Este fragmento es de Álvaro Cunqueiro, escritor gallego y famoso comilón, de un libro llamado La cocina cristiana de Occidente. Camba escribe en cierto momento de La casa de Lúculo: «Mi amor pasional por la sardina, cuya miseria reconozco a la vez que su grandeza, no bastaría, ni con mucho, a hacerme despreciar el lenguado». En su hilarante libro El perfeccionista en la cocina, Julian Barnes confiesa: «En la cocina del perfeccionista se encuentra el cajón habitual para los cuchillos, pelapatatas y espetones, el 80% de los cuales usa con regularidad. También hay un gran tarro para cucharas de madera, espátulas y demás, de las que usa el 95%, y que llegaría al 100% de no ser por ese inevitable colador grande con cuchara cuyo cuenco está hecho con una calabaza. Pero además está el otro cajón, donde viven objetos de uso esporádico, donde todo está revuelto y es furtivo, y en el que introduces una mano cautelosa porque no sabes dónde acechan las puntas afiladas».

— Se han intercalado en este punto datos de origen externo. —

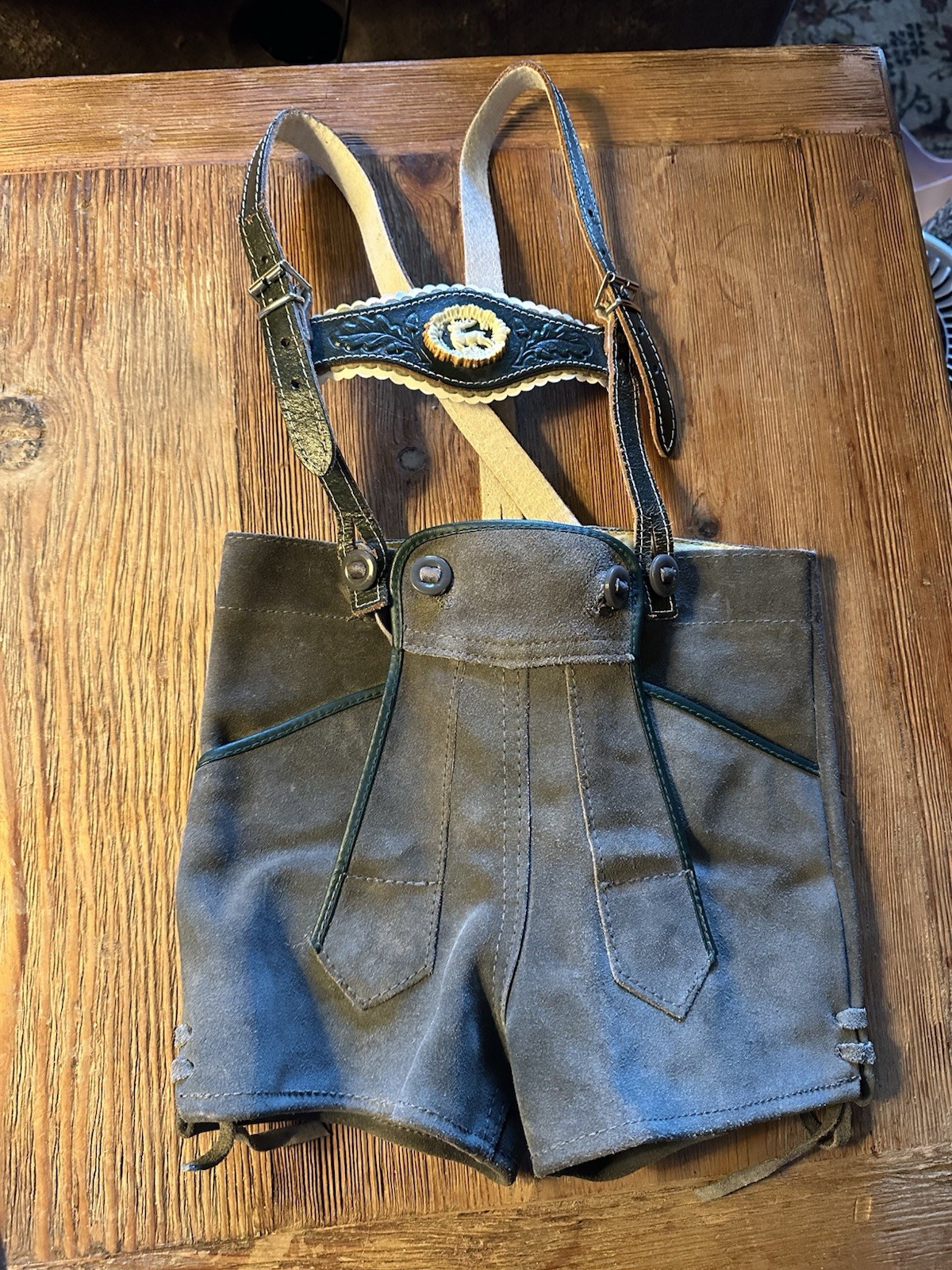 Vintage German Lederhosen Original Suspenders Grey Size 80 Child 12-18 Months US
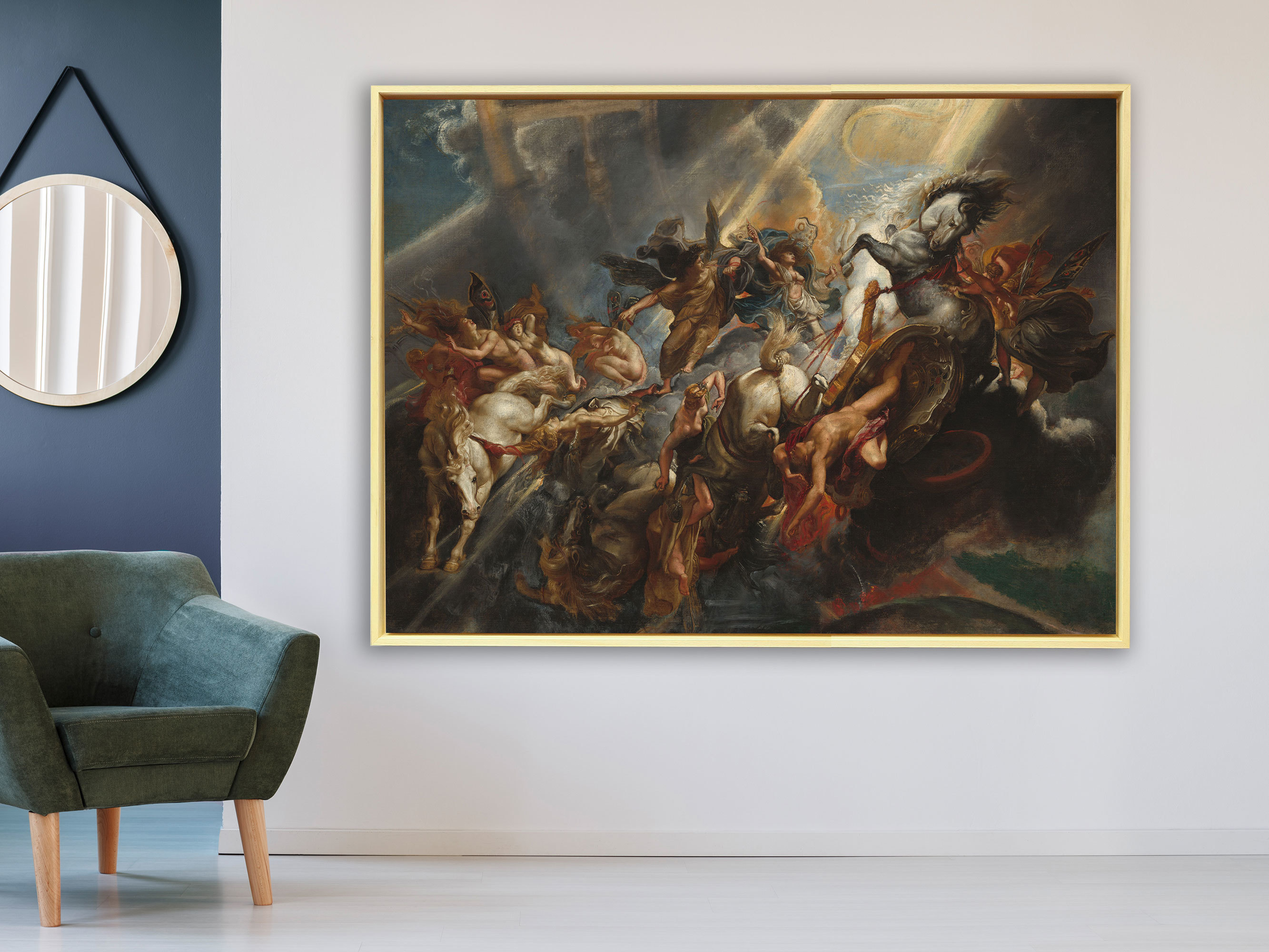 Peter Paul Rubens - Der Fall von Phaeton, Rahmen Schattenfuge Natur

«El plato tiene que estar lleno de sabor, poniendo mucho mimo en la presentación. Le doy una importancia absoluta al detalle», dice Samantha Vallejo-Nájera, mientras mira muy seria a la cámara, en la intro de Masterchef. No hay color. Los concursos de cocineritos son la cristalización de todo lo cutre y pernicioso del sistema (la competitividad, la publicidad constante, la incitación a consumir, la obsesión por crear necesidades). Ahora se han lanzado sobre la gastronomía, ofreciéndonos humo, elitismo, caprichos de nuevo rico y libros malos. La glotonería es una afición estupenda, que debe cultivarse con mimo, buenos libros, vinos deliciosos y manjares suculentos. Todo esto lo teníamos antes de los megachef. Sería estupendo que les saliese la jugada al revés. No me verán a mí en el restaurante de Jordi Cruz ni de David Muñoz.